Urine POCT studies are limited and, of those available, there is considerable variation in how the urine screening tests are performed: such testing is often in conjunction with other physical assessments, the review of symptoms, and laboratory testing. The interpretation of results depends on proper collection procedures and testing methods. Additionally, it is important to consider specificity and sensitivity and the NPV and PPV for the POC urine test used at the practice site because of variability between devices.11
Hepatitis C Virus
Use in Pharmacy
An estimated 2.4 million people in the United States are infected with HCV, and nearly half of infected individuals are unaware of their infection because they are asymptomatic.47-49 The CDC estimates suggest there were nearly 44,700 new infections in 2017.50 Studies demonstrate that testing adults for HCV is cost effective in a variety of outpatient pharmacy settings and can facilitate linkage to care.51
Clinic models that are led by pharmacists or models in which they assist in care provide accessible and effective alternatives for providing outpatient HCV care.52 Given the accessibility of pharmacists, training pharmacists on the application and proper use of screening for HCV with CLIA-waived POC tests can have a significant impact on public health efforts, increasing the number of people getting tested, especially those at high risk (eg, younger patients using illicit intravenous drugs) who are not receiving care.17,53 Pharmacist-directed CLIA-waived POCT efforts can increase the linkage to care (eg, follow-up assessment with providers, medicine distribution, and access to medication assistance programs) and expand access to appropriate counseling services and community resources.17,53 Such efforts can also enhance collection of prevalence and surveillance data to help resources reach targeted at-risk populations.
Determining Appropriate Testing Candidates
Guidelines for HCV testing have evolved as HCV shifted from a chronic infection to a curable disease. Current guidelines recommend routine, one-time testing for all adults and risk-based testing for patients younger than 18 years. Periodic repeat testing can be performed in all individuals who are at increased risk of or have been exposed to HCV. Pharmacists can identify individuals for testing based upon risk behaviors or exposures and other conditions or circumstances outlined in the national guidelines.54
Application of Hepatitis C Virus Point-of-Care Testing in Practice
In 2013, the CDC recommended that the testing sequence for current active hepatitis C infection begin with testing for the HCV antibody, including use of the rapid POC assay prior to further HCV RNA testing and linkage to care. A positive HCV antibody test does not distinguish whether the patient currently has acute or chronic active HCV infection or a past infection that has resolved. Therefore, to confirm active infection, individuals testing positive must have a follow-up HCV RNA PCR test to detect HCV viremia, which informs management and treatment decisions.54 Persons with a negative screening are considered not infected and do not need further evaluation unless they have a known risk factor.54 Thus, CLIA-waived POCT for HCV offers potential savings in healthcare expense as well as the opportunity to educate patients on risk factors.

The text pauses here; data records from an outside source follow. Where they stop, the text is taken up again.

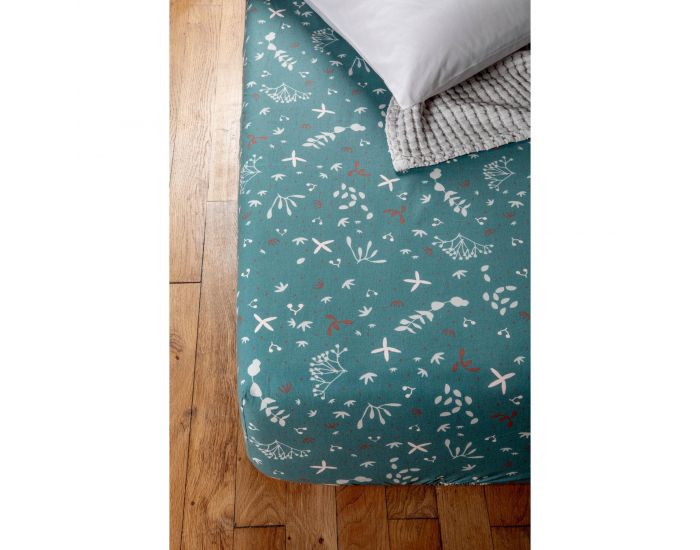 KADOLIS Drap housse en Coton Bio adulte - Ikebana (5)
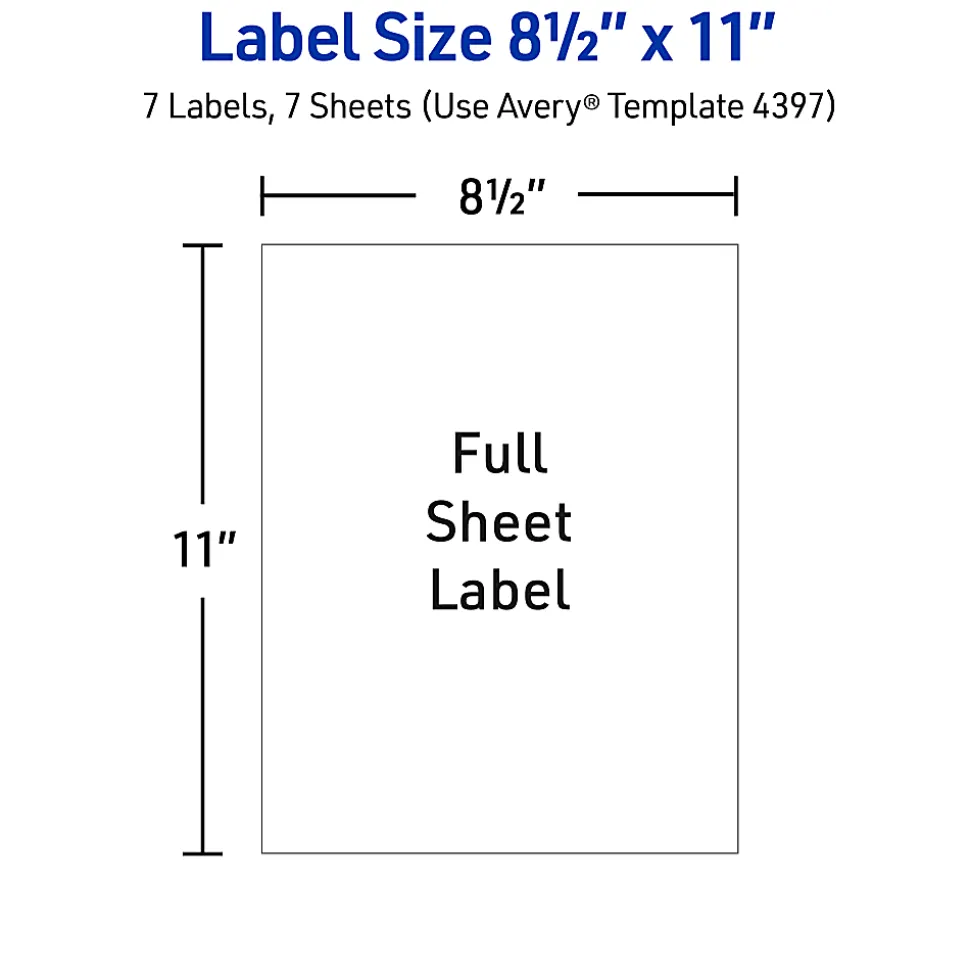 Avery® Printable Sticker Paper For Laser & Inkjet Printers, 8.5" x 11", Glossy Clear, 7 Craft Paper Sheets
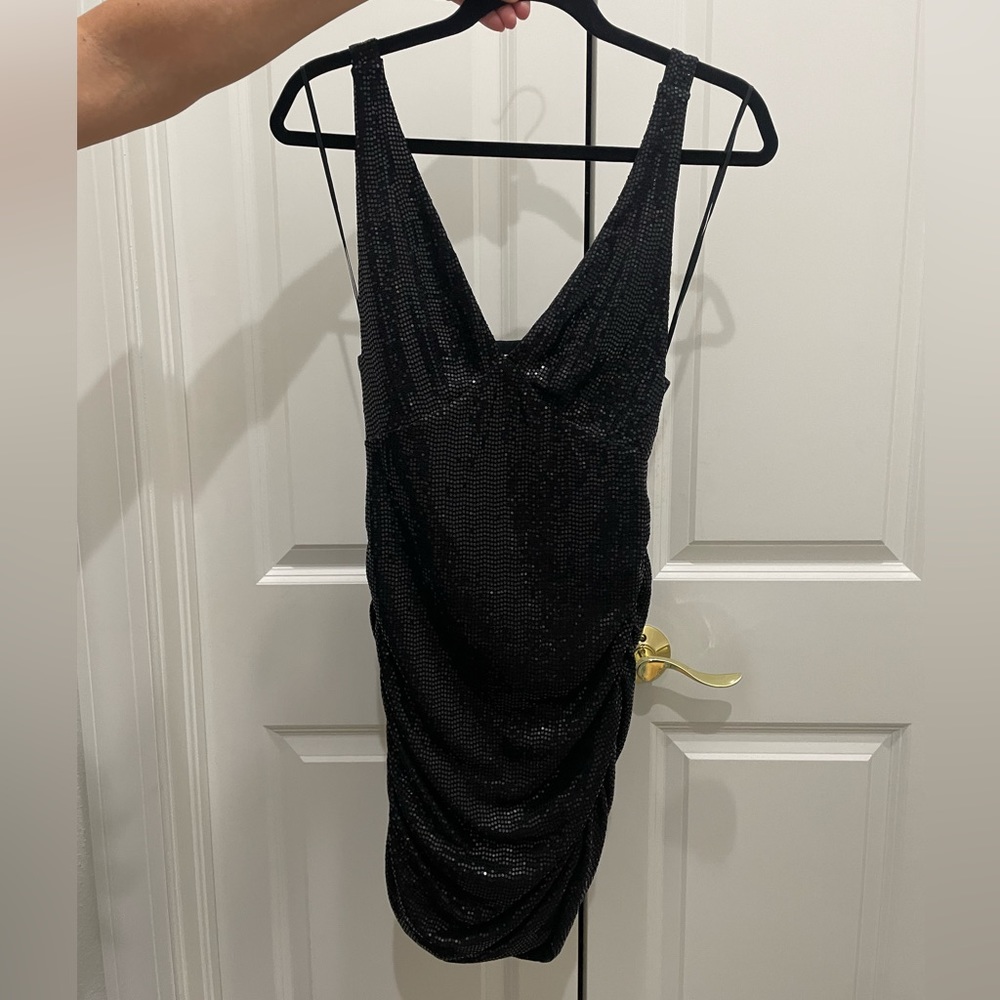 Black, sparkly cocktail party dress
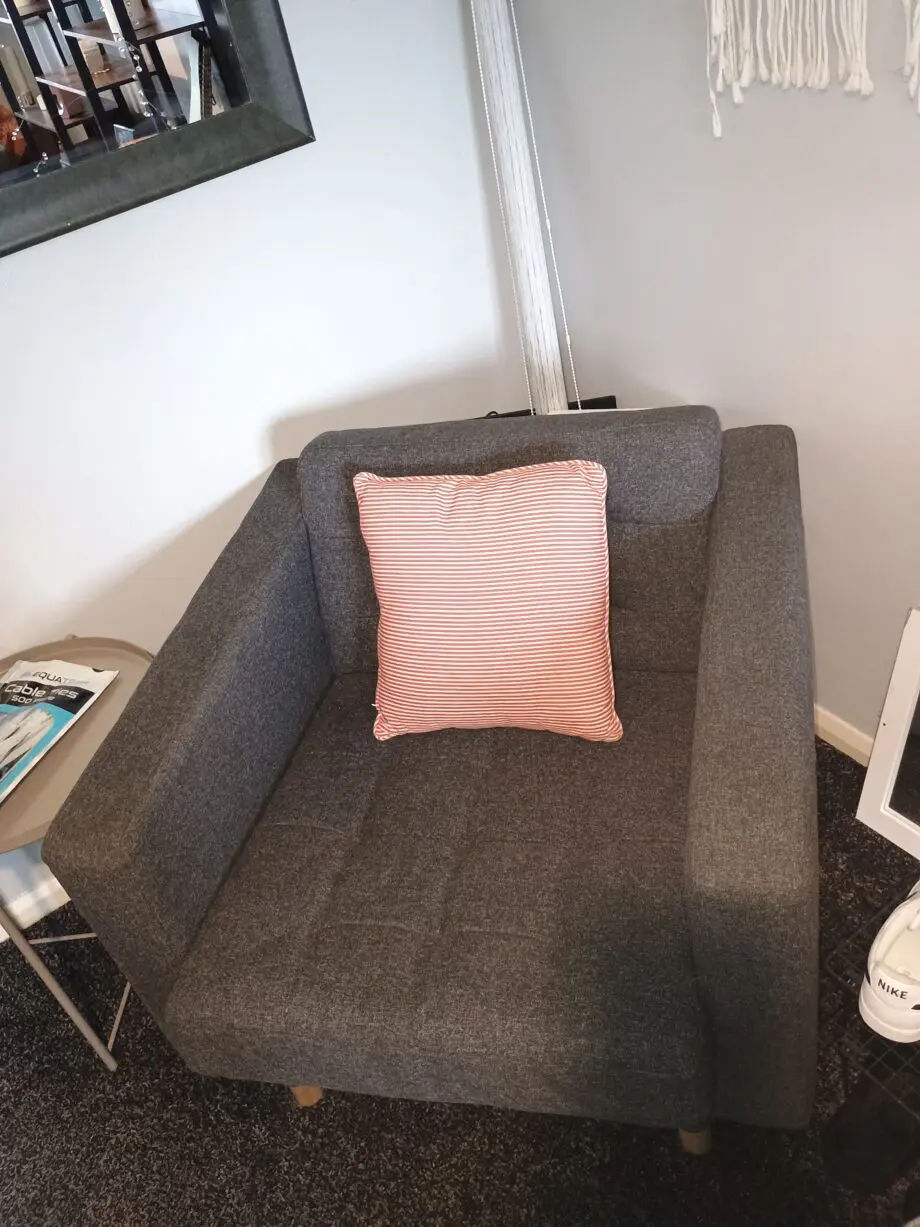 Grey 3 seater sofa with matching chair
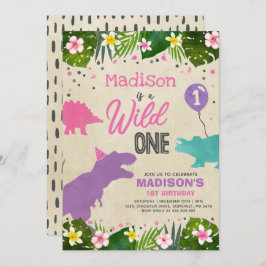 Dinosaur Birthday Invite Wild One Dinosaur Party Einladung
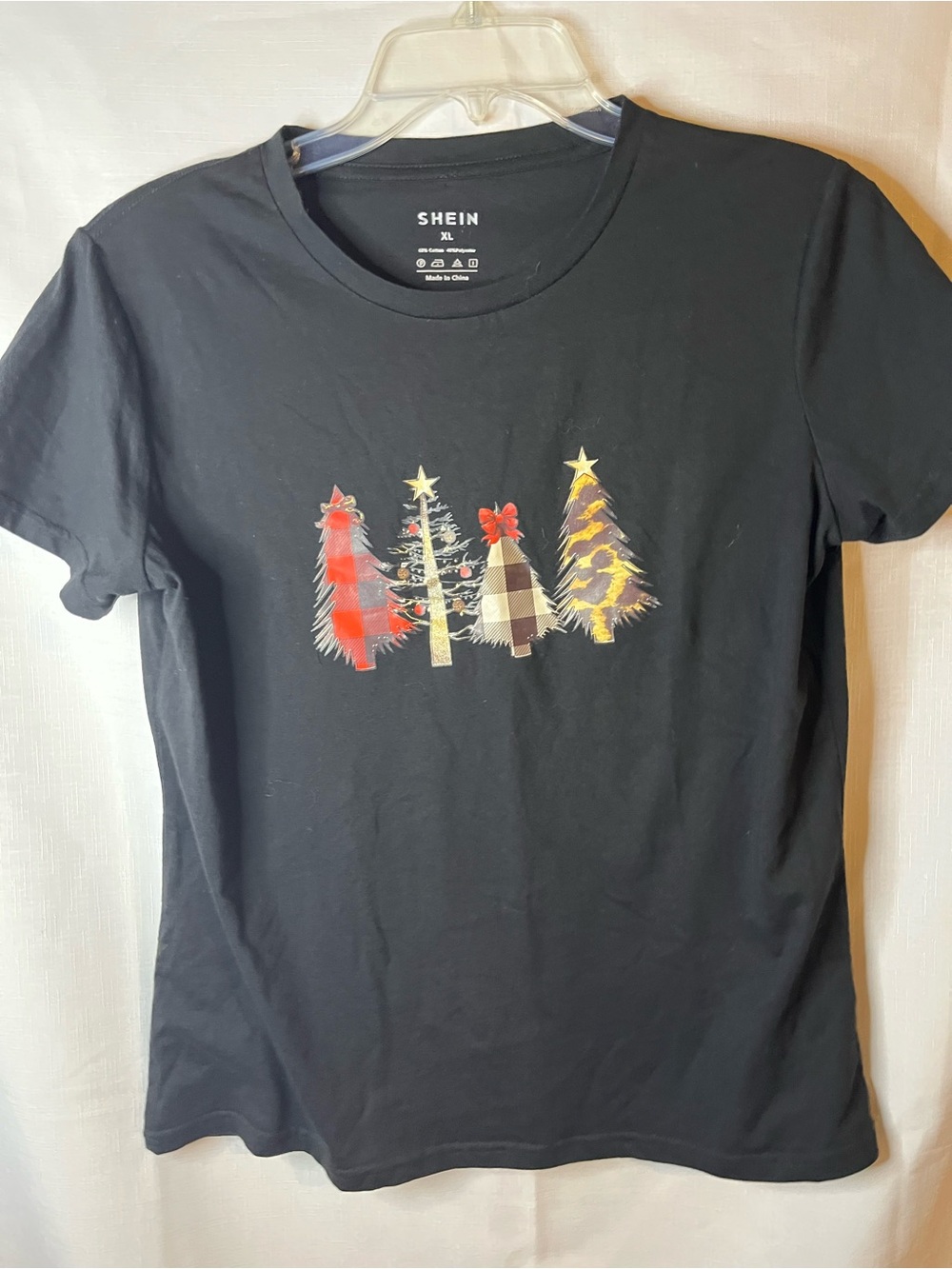 SHEIN Black Short-Sleeve Tee with Festive Tree Graphics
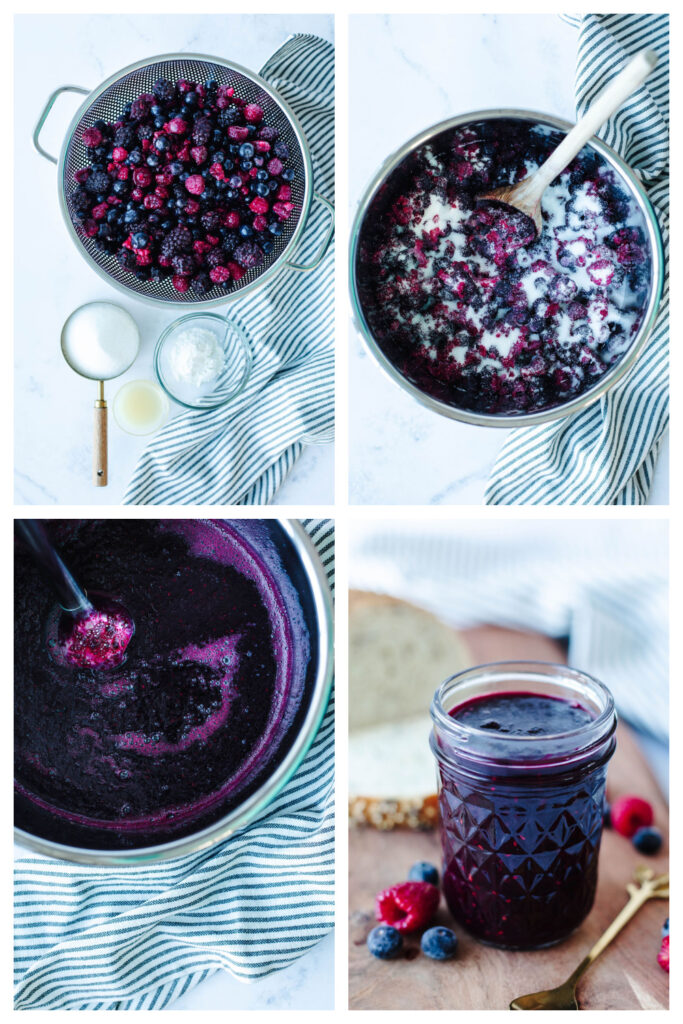 step by step on how to make instant pot mixed berry jam.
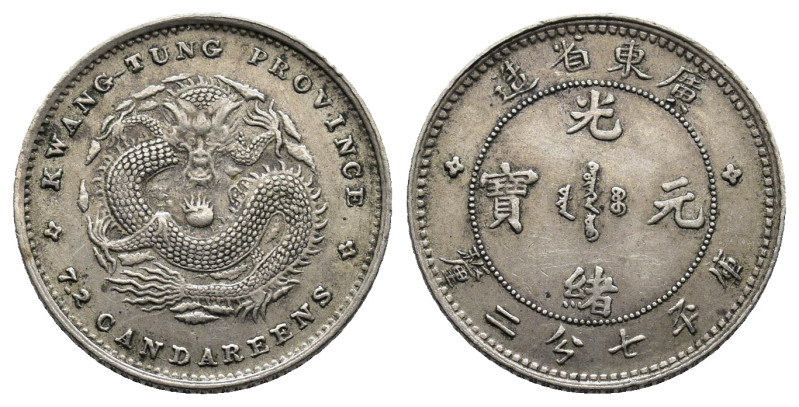 China, Kwangtung province. AR 7.2 Candareens = 10 Cents (1890) 2.64g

Currently, there is one FDA-approved CLIA-waived POC rapid immunoassay test that detects antibodies to HCV from whole blood samples obtained either by venipuncture or finger stick.55 The results from it can be read between 20 to 40 minutes after the analysis is started, which enables a patient to receive pretest and posttest counseling within a single visit. This test is a noninstrumented, indirect lateral flow immunoassay, and its performance characteristics are summarized in Table 4-2. It has excellent sensitivity and specificity using whole blood from a finger stick.56 In a multicenter study of individuals at risk for HCV infection, the test demonstrated a clinical performance equivalent to laboratory-based tests across all specimen types.57 In addition, several studies have observed that the specificity of the HCV rapid test with all specimen types is similar to that reported for anti-HCV enzyme immunoassay (EIA).58 The CLIA-waived POC test to detect antibodies to HCV also has a high degree of interoperator agreement in result interpretation.59 For these reasons, the initial testing for HCV antibody screening with POC rapid immunoassay is an effective alternative to the third-generation EIA methods.56
Abs = antibodies; Ag = antigen; FSWB = whole blood via finger stick; OMT = Oral mucosa transudate; VPWB = whole blood via venipuncture.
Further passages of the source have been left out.